#### [TASK DIRECTIONS]
The whole listing, exactly as given: write it out, leaving out each image.

§ §

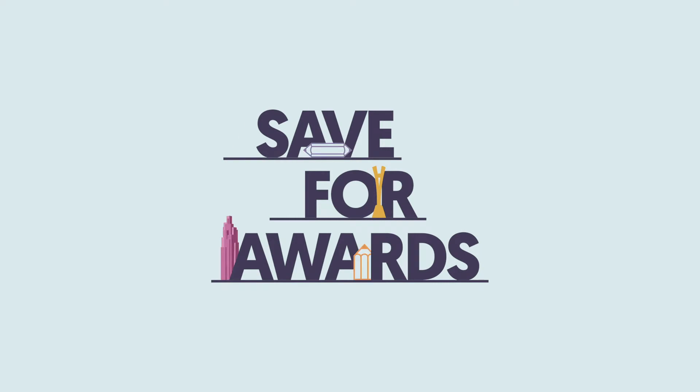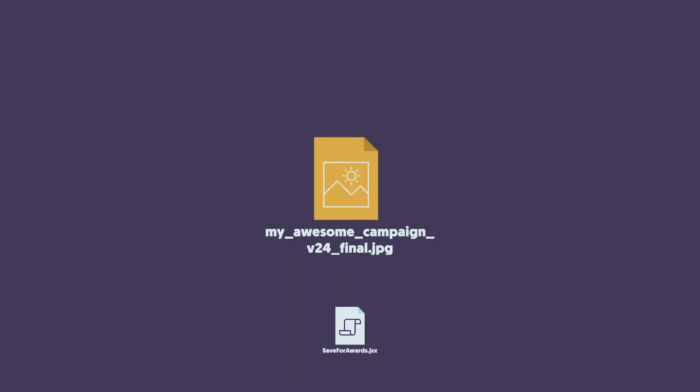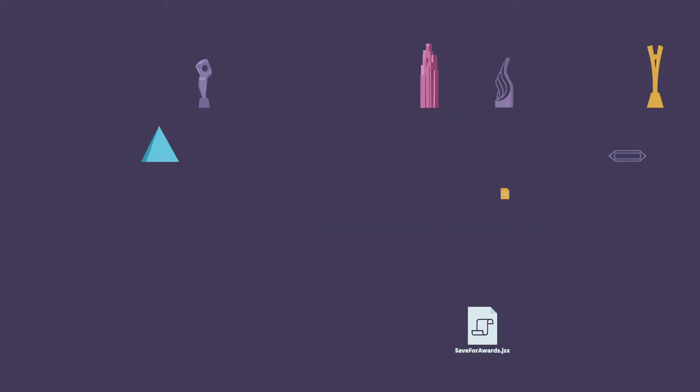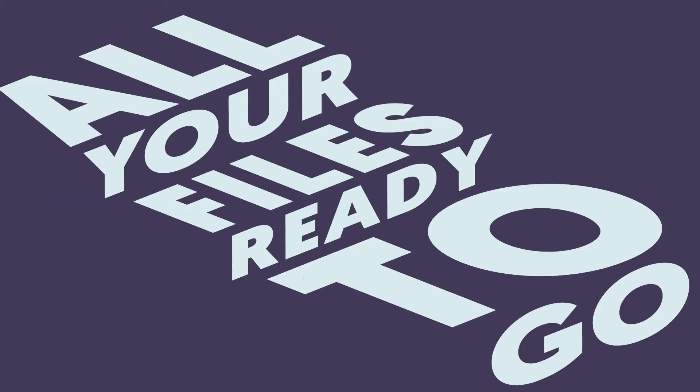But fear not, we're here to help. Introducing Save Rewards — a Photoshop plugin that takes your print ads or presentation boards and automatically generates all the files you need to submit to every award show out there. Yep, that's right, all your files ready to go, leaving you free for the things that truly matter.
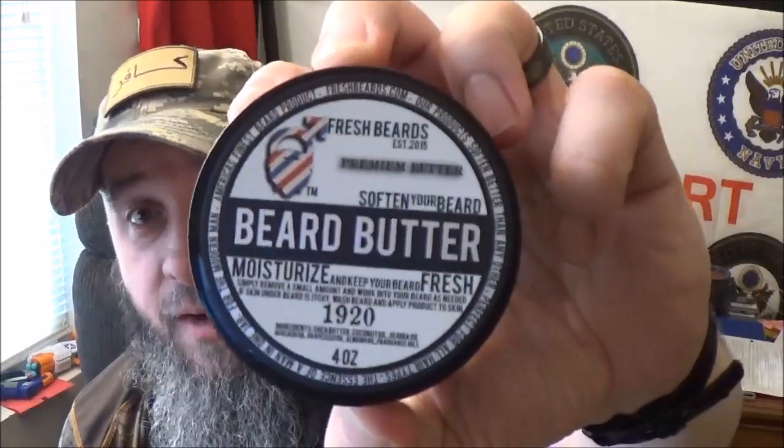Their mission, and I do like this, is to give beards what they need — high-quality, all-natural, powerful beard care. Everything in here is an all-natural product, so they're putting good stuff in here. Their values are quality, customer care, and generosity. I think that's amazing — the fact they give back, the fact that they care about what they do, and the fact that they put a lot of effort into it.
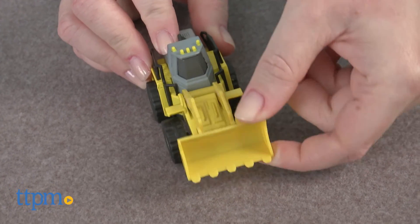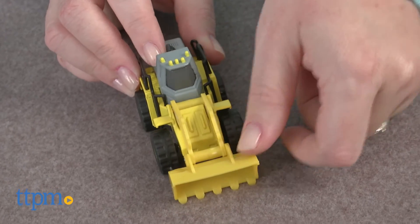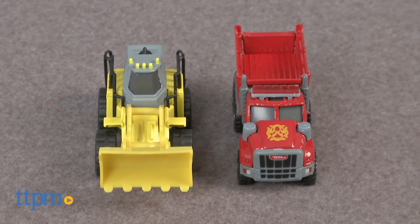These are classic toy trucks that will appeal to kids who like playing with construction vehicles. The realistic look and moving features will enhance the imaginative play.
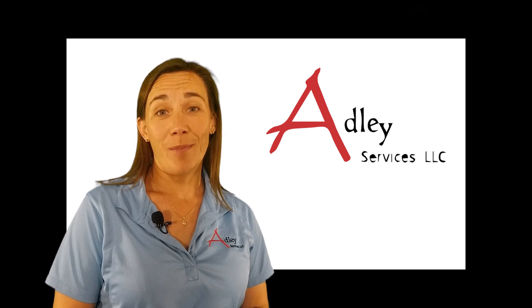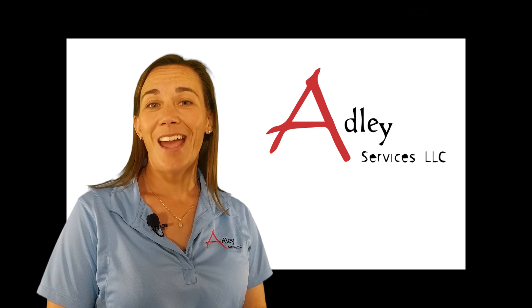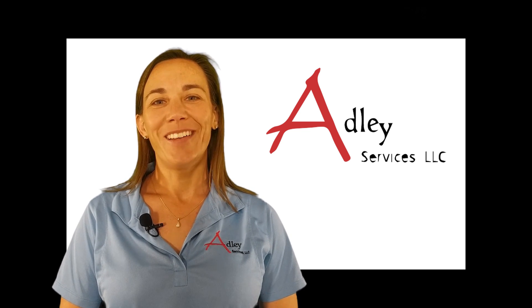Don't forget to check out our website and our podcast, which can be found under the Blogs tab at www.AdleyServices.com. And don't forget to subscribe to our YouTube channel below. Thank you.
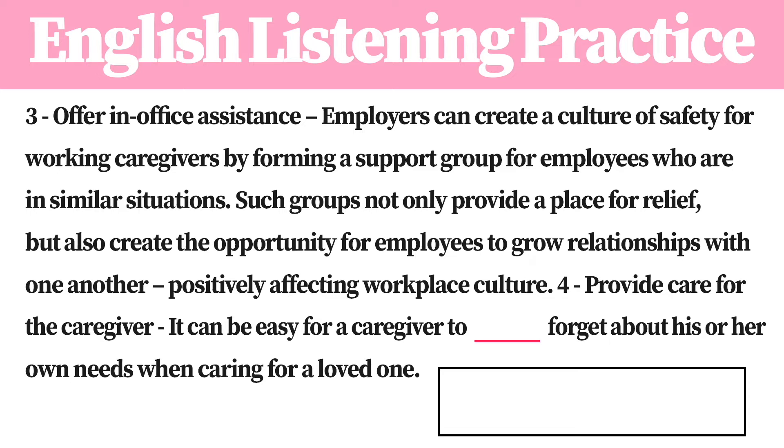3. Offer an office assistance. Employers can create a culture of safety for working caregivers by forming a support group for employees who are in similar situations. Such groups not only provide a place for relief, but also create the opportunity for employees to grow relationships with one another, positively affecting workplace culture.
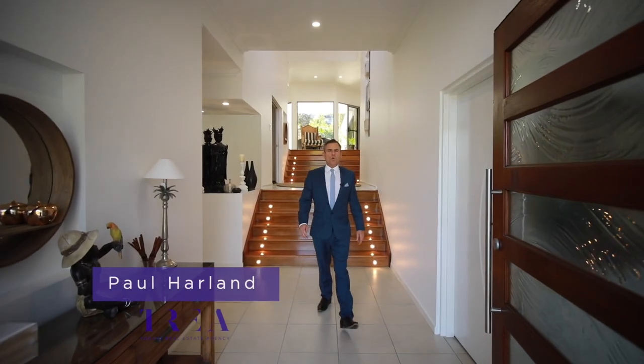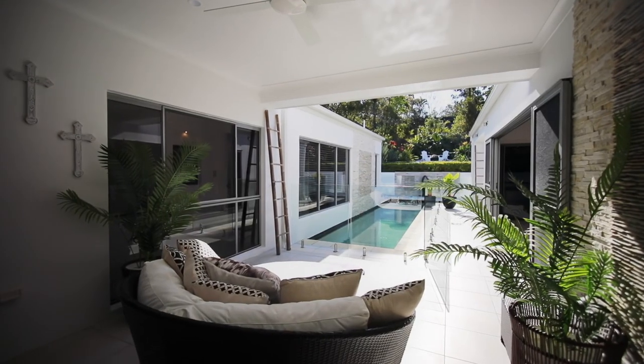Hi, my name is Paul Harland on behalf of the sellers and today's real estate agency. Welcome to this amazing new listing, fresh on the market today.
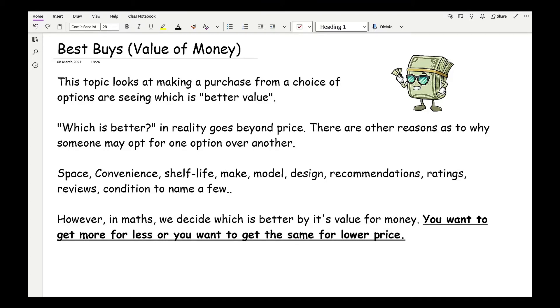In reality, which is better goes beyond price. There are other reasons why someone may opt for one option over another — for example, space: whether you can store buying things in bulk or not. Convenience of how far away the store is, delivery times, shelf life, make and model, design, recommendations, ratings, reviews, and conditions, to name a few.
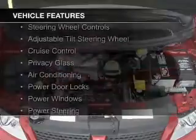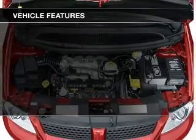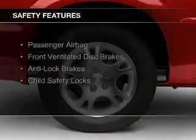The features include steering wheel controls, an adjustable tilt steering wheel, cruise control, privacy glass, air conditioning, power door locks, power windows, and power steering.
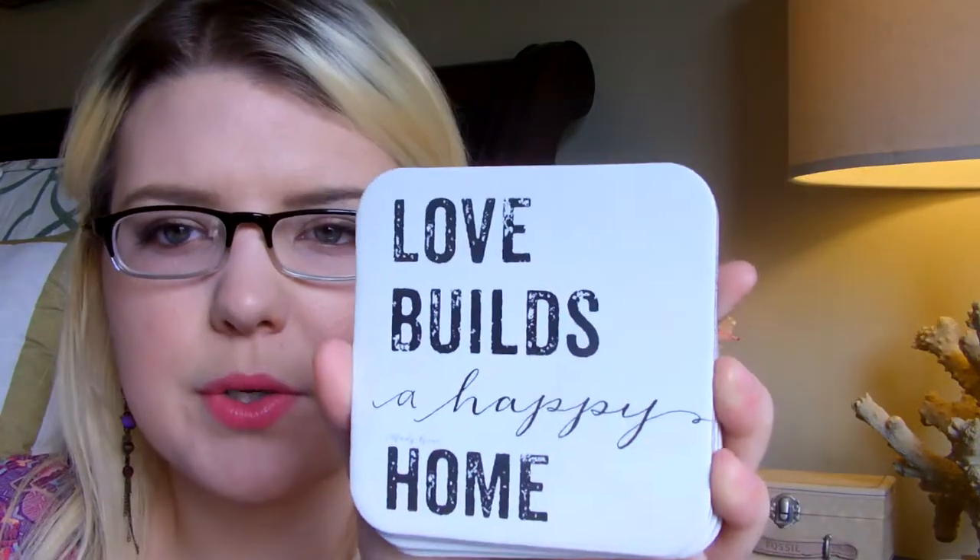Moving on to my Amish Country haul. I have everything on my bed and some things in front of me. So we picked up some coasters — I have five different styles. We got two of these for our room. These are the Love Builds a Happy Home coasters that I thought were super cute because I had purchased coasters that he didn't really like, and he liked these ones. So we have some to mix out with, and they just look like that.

§ §

#### [RESULT]
But fear not, we're here to help. Introducing Save Rewards — a Photoshop plugin that takes your print ads or presentation boards and automatically generates all the files you need to submit to every award show out there. Yep, that's right, all your files ready to go, leaving you free for the things that truly matter.
Their mission, and I do like this, is to give beards what they need — high-quality, all-natural, powerful beard care. Everything in here is an all-natural product, so they're putting good stuff in here. Their values are quality, customer care, and generosity. I think that's amazing — the fact they give back, the fact that they care about what they do, and the fact that they put a lot of effort into it.
These are classic toy trucks that will appeal to kids who like playing with construction vehicles. The realistic look and moving features will enhance the imaginative play.
Don't forget to check out our website and our podcast, which can be found under the Blogs tab at www.AdleyServices.com. And don't forget to subscribe to our YouTube channel below. Thank you.
3. Offer an office assistance. Employers can create a culture of safety for working caregivers by forming a support group for employees who are in similar situations. Such groups not only provide a place for relief, but also create the opportunity for employees to grow relationships with one another, positively affecting workplace culture.
Hi, my name is Paul Harland on behalf of the sellers and today's real estate agency. Welcome to this amazing new listing, fresh on the market today.
In reality, which is better goes beyond price. There are other reasons why someone may opt for one option over another — for example, space: whether you can store buying things in bulk or not. Convenience of how far away the store is, delivery times, shelf life, make and model, design, recommendations, ratings, reviews, and conditions, to name a few.
The features include steering wheel controls, an adjustable tilt steering wheel, cruise control, privacy glass, air conditioning, power door locks, power windows, and power steering.
Moving on to my Amish Country haul. I have everything on my bed and some things in front of me. So we picked up some coasters — I have five different styles. We got two of these for our room. These are the Love Builds a Happy Home coasters that I thought were super cute because I had purchased coasters that he didn't really like, and he liked these ones. So we have some to mix out with, and they just look like that.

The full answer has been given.